*** Working data ***
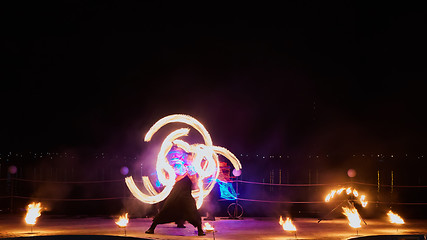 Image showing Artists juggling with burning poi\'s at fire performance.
*** End of Working data ***
*** Working data ***
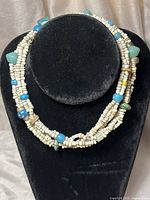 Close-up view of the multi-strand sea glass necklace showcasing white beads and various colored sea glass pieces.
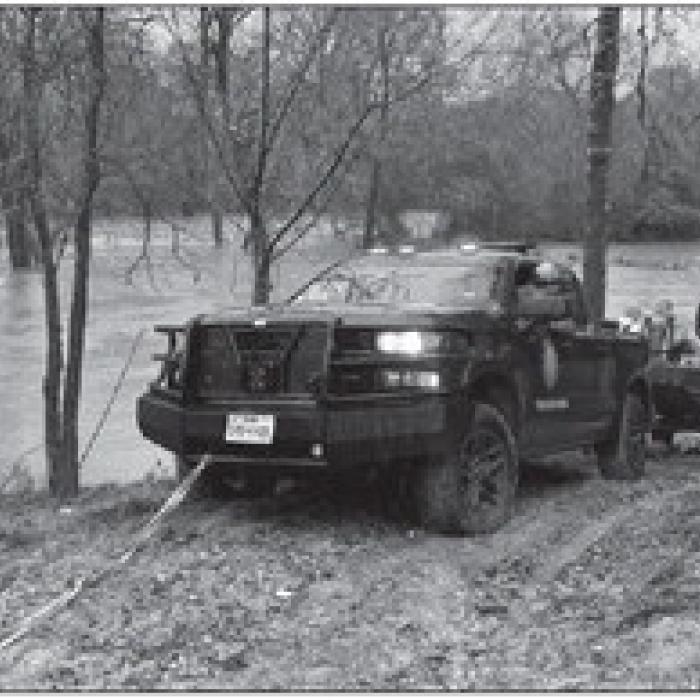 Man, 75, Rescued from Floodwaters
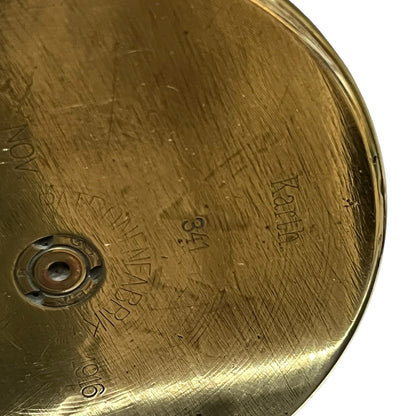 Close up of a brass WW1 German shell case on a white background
*** End of Working data ***
*** Working data ***
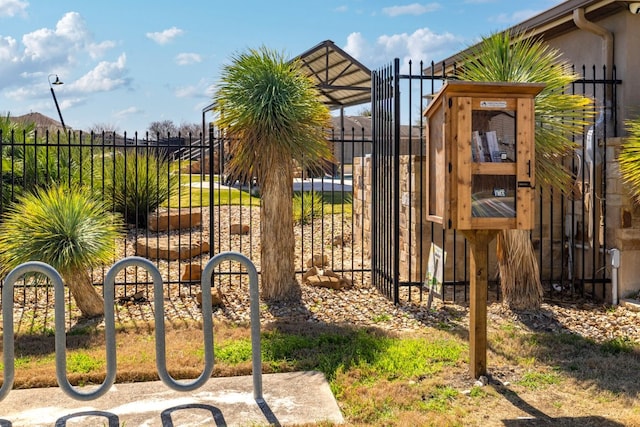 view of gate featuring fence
*** End of Working data ***
Assignment – Look above for the line with "Close-up view of"; quote it and every line after it, stopping after the line with "Close up of", exactly, with nothing added and without pictures.

Answer box –
 Close-up view of the multi-strand sea glass necklace showcasing white beads and various colored sea glass pieces.
 Man, 75, Rescued from Floodwaters
 Close up of a brass WW1 German shell case on a white background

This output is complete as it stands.